Xaghra stands among the most historically rich villages of Gozo. The Neolithic temples of Ggantija, claimed to be the oldest freestanding archaeological structures, are found here. Lying on a plateau hilltop to the north east of the capital of Victoria, it offers views of Ramla Bay and Marsalforn among other picturesque locations such as the surrounding valleys. Among the other village attractions are the 18th century Ta’ Kola windmill and the Pomskizillious Museum of Toys, featuring an exhibition of antique collectible toys.
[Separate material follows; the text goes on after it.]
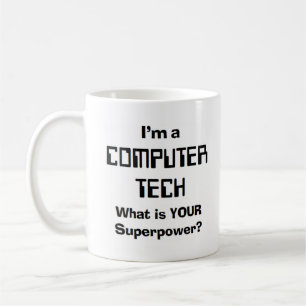 Computertechniker Kaffeetasse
The oldest Gozitan village of Xewkija lies between Mgarr Harbour and Victoria. Gozo’s strong Arab influence can be witnessed here thanks to the discovery of a 12th century inscription on a tombstone slab ascribed to a young girl called Majmuna, who had died and was buried in the area. The Majmuna Slab is permanently exhibited at the Museum of Archaeology in Victoria. Xewkija’s parish church is dedicated to St John the Baptist, and its dome – which permits an unrestricted panoramic view of Gozo – attracts visitors all year round. The fishing trade is still strong in Xewkija, with fishermen using traditional methods and constructing cane fish traps by hand. Among the strong points of this village are its beautiful landscapes adorned with old watch towers, with manifold possibilities of trekking and hiking routes, and the secluded inlet of Mgarr ix-Xini, which is accessed through Xewkija. The heliport is also situated at the village limits.


Zebbug is a small village situated close to Gharb and Marsalforn. It lies on a hilltop that majestically overlooks the coast to the north west of the island. Its place name literally translates as olives, a crop which used to grow profusely on the village slopes. Lace-making, among other traditions, is still very much alive here.